Vierzig verschiedene Wässer hat Jerk Riese für die Wasserkarte des Sternerestaurants zusammengestellt. Obwohl das meiste Wasser aus europäischen Quellen kommt, ist fürs Exotische genug Raum. Dazu zählt auch eine Vollmondabfüllung. Je nach Gesteinsschicht, durch die das Wasser fließt, reichert es sich mit Mineralien an. Weil die Böden nicht gleich sind, schmecken die Wässer verschieden.

Riese ist Wassersommelier – er findet die Bezeichnung aufgesetzt. Sein Kollege, der Weinsommelier, kennt sich mit über tausend Weinen aus, er nur mit vierzig Wässern. Allerdings spielt Wasser, verglichen mit Wein, in der minimalistischen Geschmacksetage. Rieses Können: Er muss das Sinnliche nicht am vollen Bouquet, sondern am neutralen Geschmack erspüren. Beim Wasserschmecken geht die Konzentration nach innen. Es ist wie Stille hören, Dunkelheit sehen, Luft fühlen.
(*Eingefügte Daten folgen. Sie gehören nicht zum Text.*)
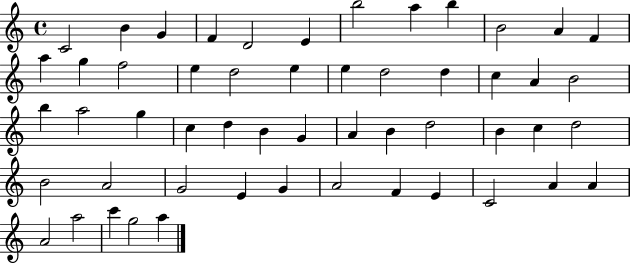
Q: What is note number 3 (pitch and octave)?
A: G4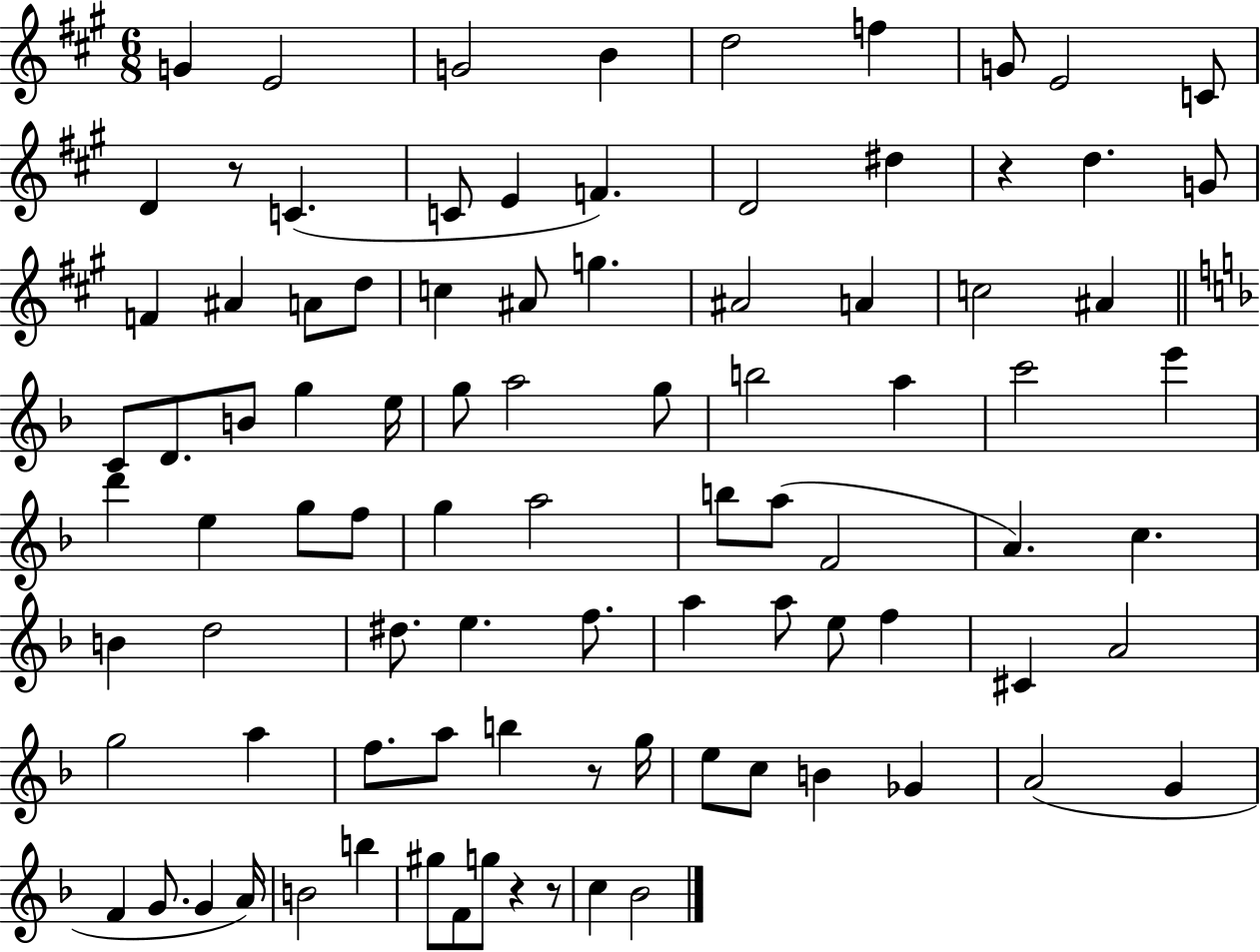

Weil Riese mit einer in Sachen Wasser mehrheitlichen ignoranten Gesellschaft konfrontiert ist, in der „Wasser Wasser ist“, leistet er Überzeugungsarbeit. Zum Verkosten tischt er Cloud juice auf, mineralstoffarmes Regenwasser aus Tasmanien, das den Gaumen pelzig macht, und das sauerstoffreiche Iskilde aus Dänemark, das neutralisiert. Kontrapunkt dazu: das stark mineralische Staatlich Fachingen. In der Reihenfolge genossen schmeckt Letzteres salzig.

Riese kommt aus einem sozialdemokratischen Haus. Seine Mutter war Abgeordnete in Schleswig-Holstein. Björn Engholm saß ab und zu am Familientisch der Rieses. „Das hat mich beeindruckt“, sagt er. Eine andere Folge der SPD-Berührung: Riese ist klar, dass etwas nicht stimmt, wenn zwei Milliarden Menschen nicht an sauberes Trinkwasser kommen, aber Mineralwasser zu einem Luxus wird, für den Reiche – so zum Spaß – horrende Preise bezahlen. Deshalb unterstützt er Viva con Aqua, das Brunnenbauprojekt des FC St. Pauli. Auch wenn es, was Wasser angeht, unmöglich scheint, dass sich sein Motto „Es gibt keine besseren und schlechteren Gäste“ weltweit je durchsetzt.